We had several cluster instances going over the 5% of used cached (dirty data) and would like to be notified when it happens.
This is needed in order to determine whether
Jumping back in after I thought that this link was no longer present.
To elaborate more about the use case:
Currently we don't see the actual percentage of wiredTiger cache usage in Atlas, only the amount of its utilization in GB's.
We had already few incidents of bad instance performances due to critical (>90%) levels of cache utilization.
Displaying this type of information and metric will assist us in catching these issues before they snowball and affect our system. In addition, if the matter is related to natural growth and workload, we would know that it is time to upgrade the cluster to its next tier.

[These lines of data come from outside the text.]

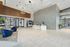 Modern apartment lobby with elegant lighting, stylish seating, and a sleek reception area, showcasing contemporary design.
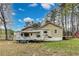Spacious backyard with a camper parked next to a tan home and an adjacent shed at 150 Burke St Ne, Marietta, GA 30060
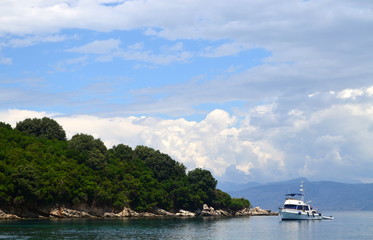 Fototapeta premium Lonely sailboat in the sea and mountain forests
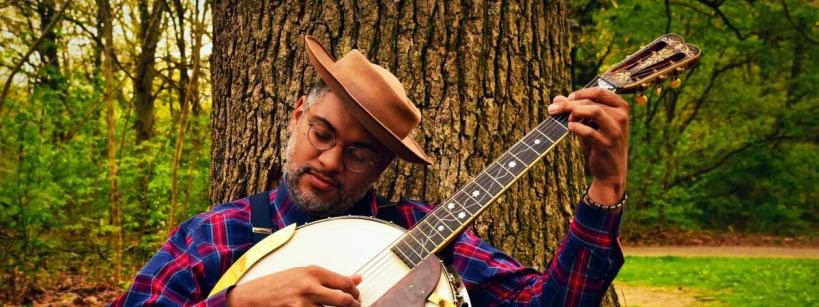 A man wearing a brown hat and glasses sits against a tree in a forest, playing a banjo. He is dressed in a red and blue plaid shirt and appears relaxed and focused on his music.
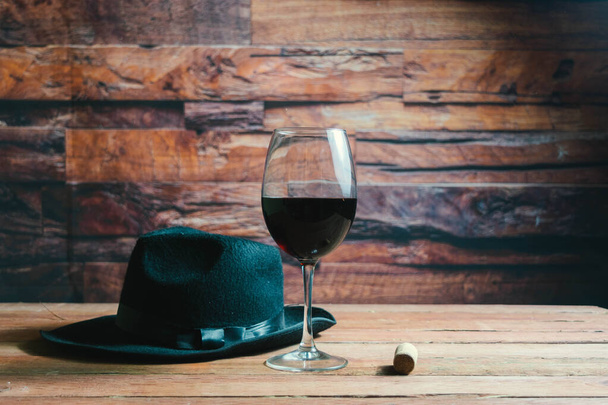 glass of red wine next to cork and fedora hat in cava - Photo, Image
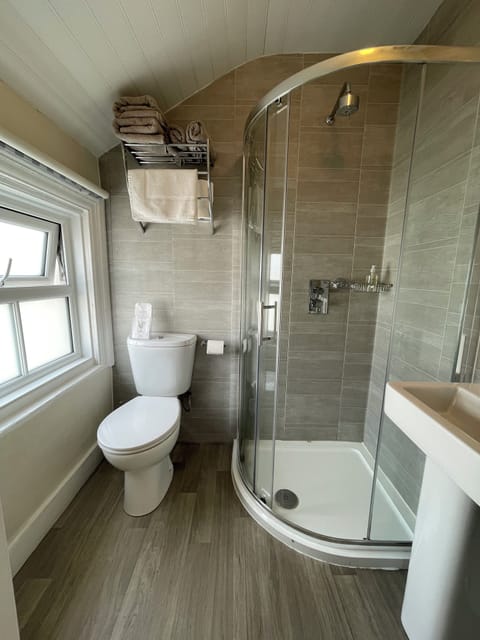 Shower, free toiletries, hair dryer, towels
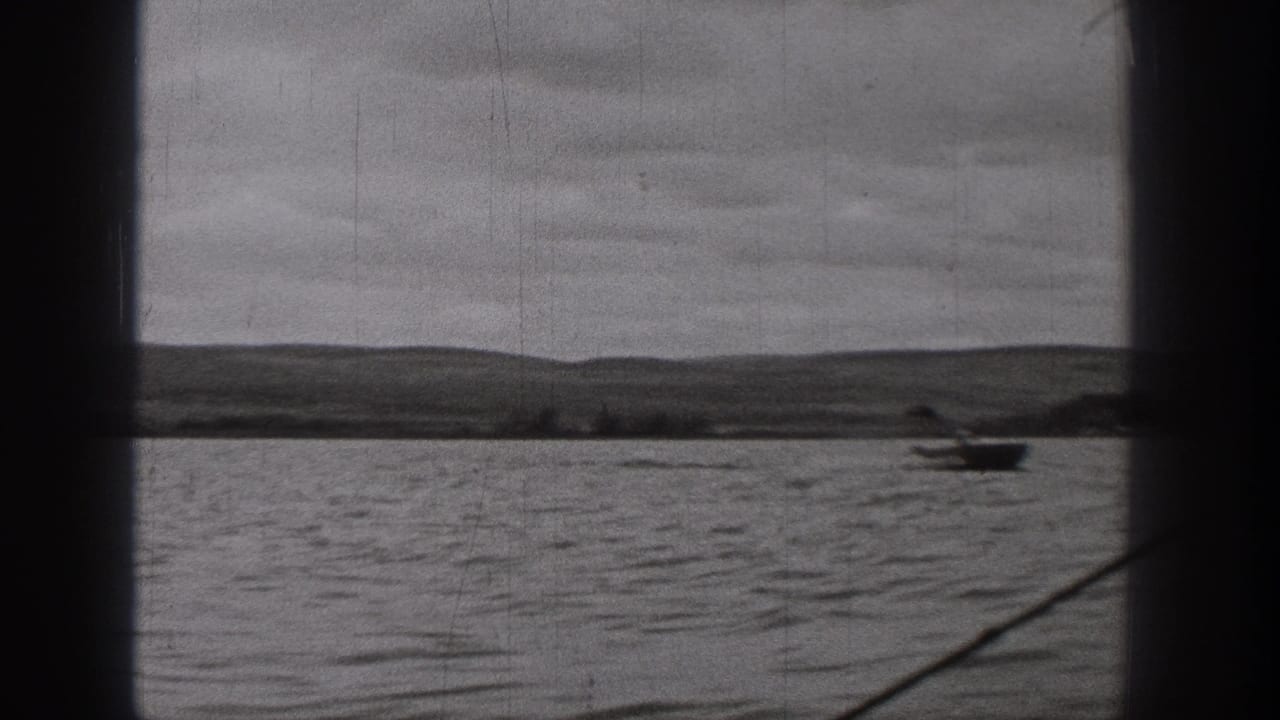 Wide 1938 Washington 8mm lake view with distant hills, cloudy sky, and a small boat near the right side.
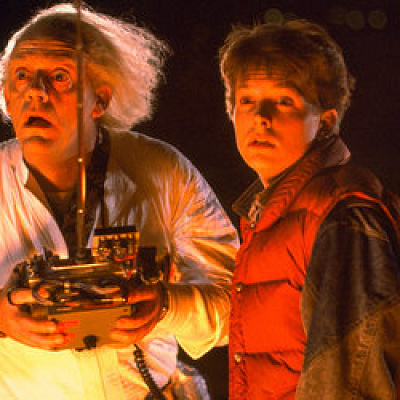 愛犬を乗せたデロリアンを操作する2人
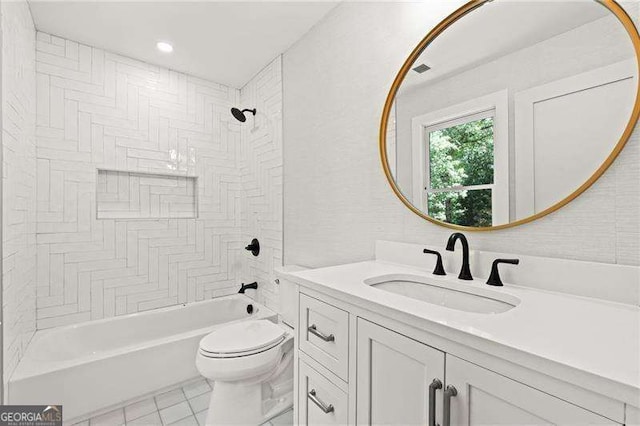 full bathroom with vanity, tile patterned floors, toilet, and tiled shower / bath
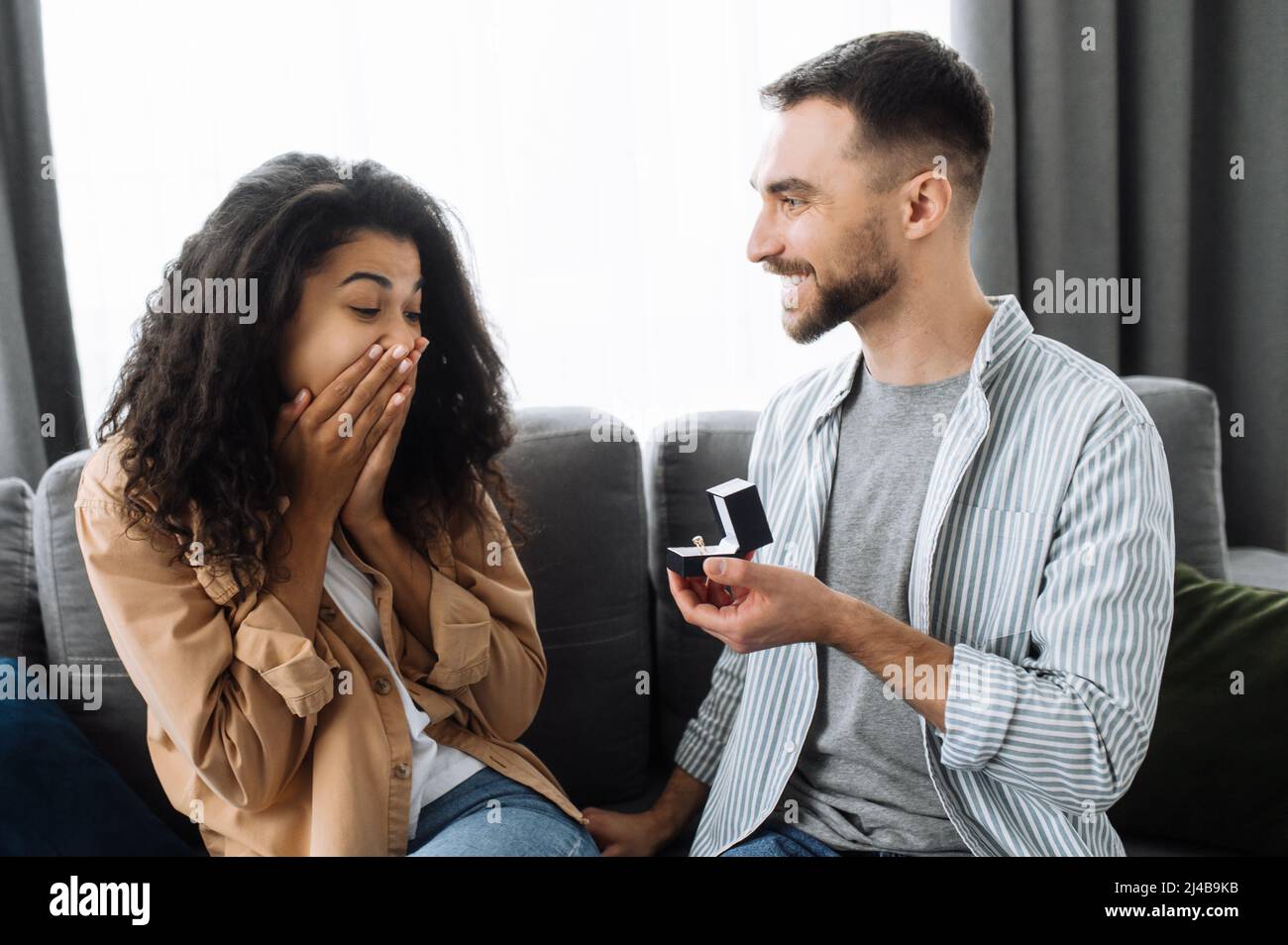 Heiratsantrag. Eine Überraschung für die geliebte Frau. Ein Kerl gibt seinem geliebten afroamerikanischen Mädchen einen Verlobungsring, sie nimmt ihn gerne an. Glückliches Paar in der Liebe Stockfoto
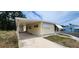 Well-maintained single-story home with covered parking and manicured landscaping at 3301 Alt 19 # 500, Palm Harbor, FL 34683
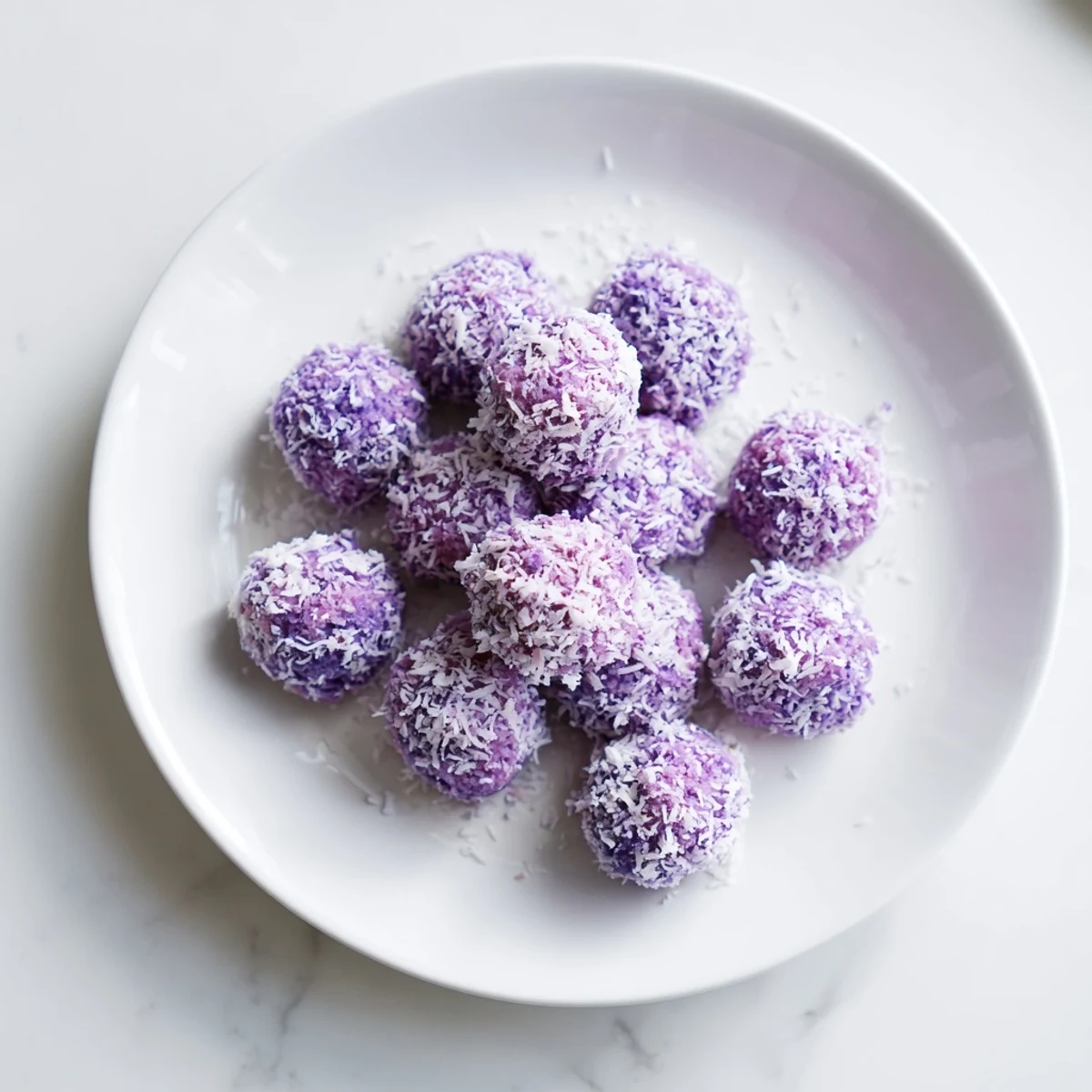Close-up of tender Coconut Ube Besito bites rolled in coconut, showing vibrant ube color and crumb texture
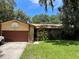 House exterior featuring a brown garage door, stone accents, and a well-maintained lawn at 1250 Pecan St, Kissimmee, FL 34744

Used bytes exceeding 80% of WT Cache or dirty bytes consistently exceeding 5% are signs that the system is undersized. I have to set this explicitly for many of our customers, which means performing the calculation and setting per cluster within each project; there is no way to do this as a global alert within ops manager, this way. Moreover, in cases where the WT cache is not the standard (RAM -1 GB)2, there is no easy way to do this calculation
It looks like your last sentence was cut off: can you provide more detail? It's super helpful to understand how you would use this information and why it's important to you so we can think about the problem space holistically.
Note that current cache alerts are based on absolute quantity (bytes, GB, etc.) and not %, whereas performance deals in percentages (cache util 80%, dirty fill 5%). Beyond requiring a calculation, the current need to specify an absolute quantity means that the alert must be manually updated any time the instance size changes.